─── Input for this task ───
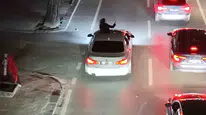 Trafikte dehşet anları: Sunrooftan sarkıp trafiği birbirine kattı, ceza kesilince küplere bindi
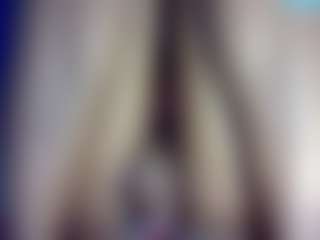 Live cam show with BUSTY-BEE - Ebony on hrnylive.com | kenya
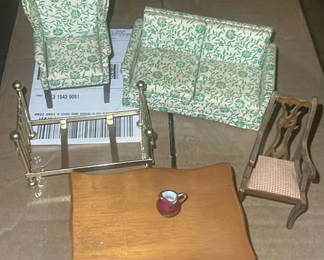 Lot 39: Lot Shackman & MCM Doll Furniture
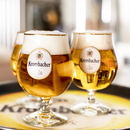 Drei Krombacher Pils Biere in Schwenker Brüssel Gläsern auf einem Krombacher Tablett.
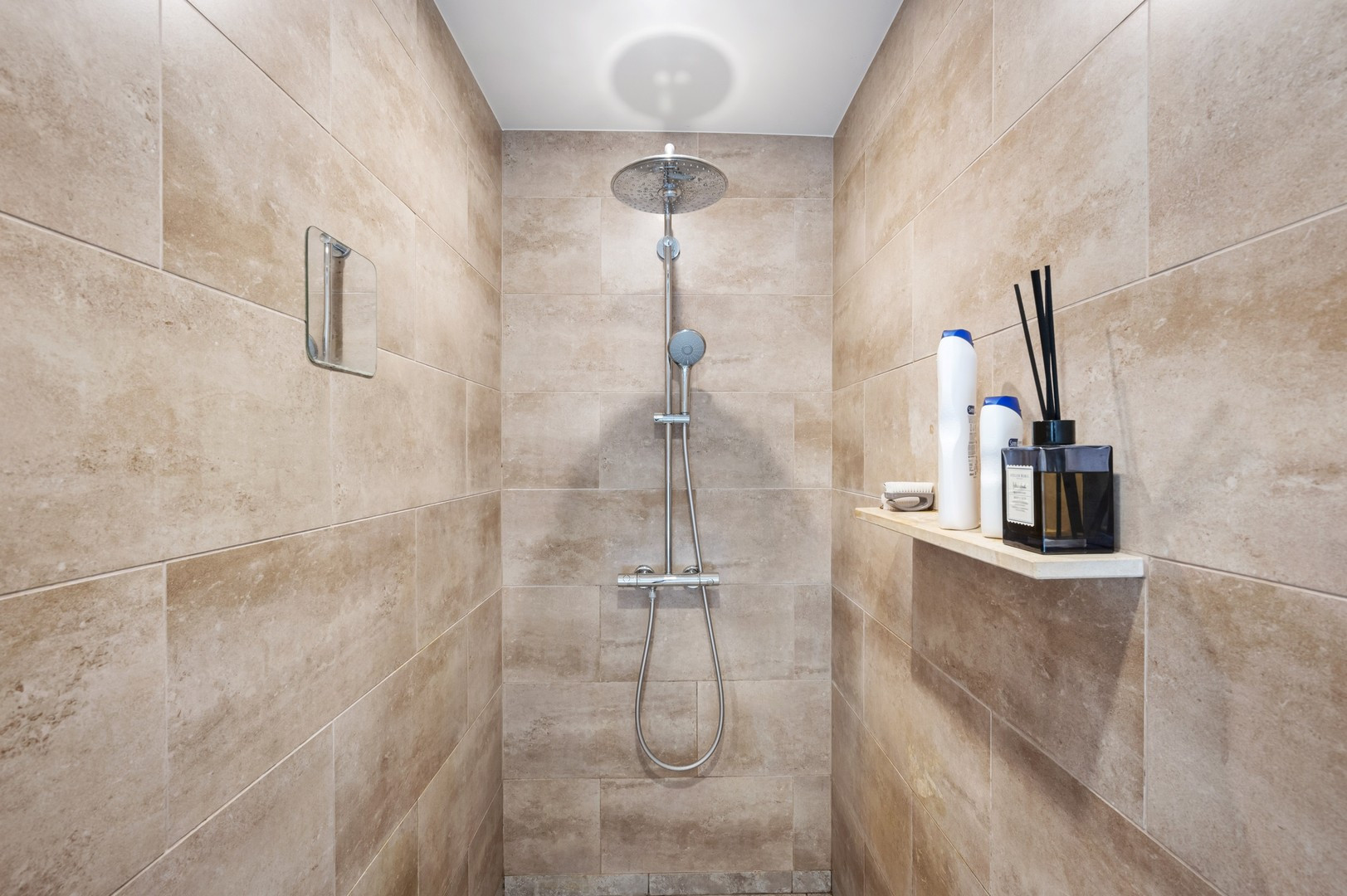 bc1f368bb709ee0bd768ef50f6de87bf1d3efc872df6ef5bff04f2bc60e49e87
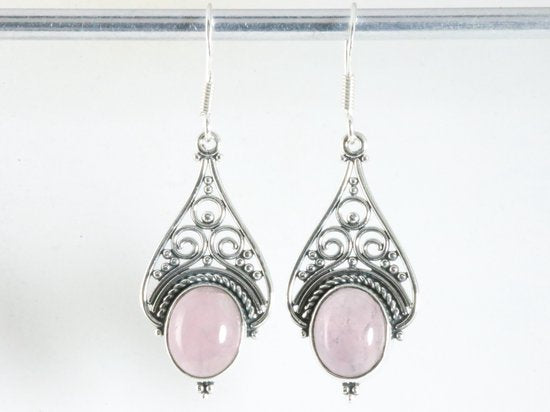 Lange opengewerkte zilveren oorbellen met rozenkwarts afbeelding 3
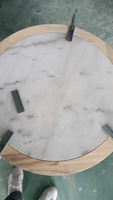 Table basse ronde en marbre blanc avec structure en bois massif et pieds en métal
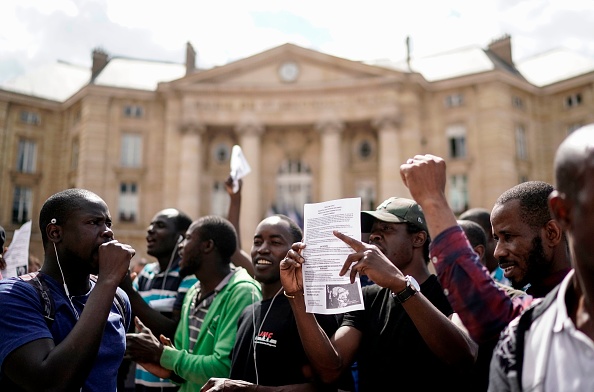 Plusieurs centaines de sans-papiers ont brièvement occupé le Panthéon à Paris le 12 juillet 2019 pour réclamer leur régularisation et un rendez-vous avec le Premier ministre Édouard Philippe. (KENZO TRIBOUILLARD/AFP/Getty Images)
───
What you should do
When you transcribe these entries, keep every word exact and drop the pictures.

Answer for the task
 Trafikte dehşet anları: Sunrooftan sarkıp trafiği birbirine kattı, ceza kesilince küplere bindi
 Live cam show with BUSTY-BEE - Ebony on hrnylive.com | kenya
 Lot 39: Lot Shackman & MCM Doll Furniture
 Drei Krombacher Pils Biere in Schwenker Brüssel Gläsern auf einem Krombacher Tablett.
 bc1f368bb709ee0bd768ef50f6de87bf1d3efc872df6ef5bff04f2bc60e49e87
 Lange opengewerkte zilveren oorbellen met rozenkwarts afbeelding 3
 Table basse ronde en marbre blanc avec structure en bois massif et pieds en métal
 Plusieurs centaines de sans-papiers ont brièvement occupé le Panthéon à Paris le 12 juillet 2019 pour réclamer leur régularisation et un rendez-vous avec le Premier ministre Édouard Philippe. (KENZO TRIBOUILLARD/AFP/Getty Images)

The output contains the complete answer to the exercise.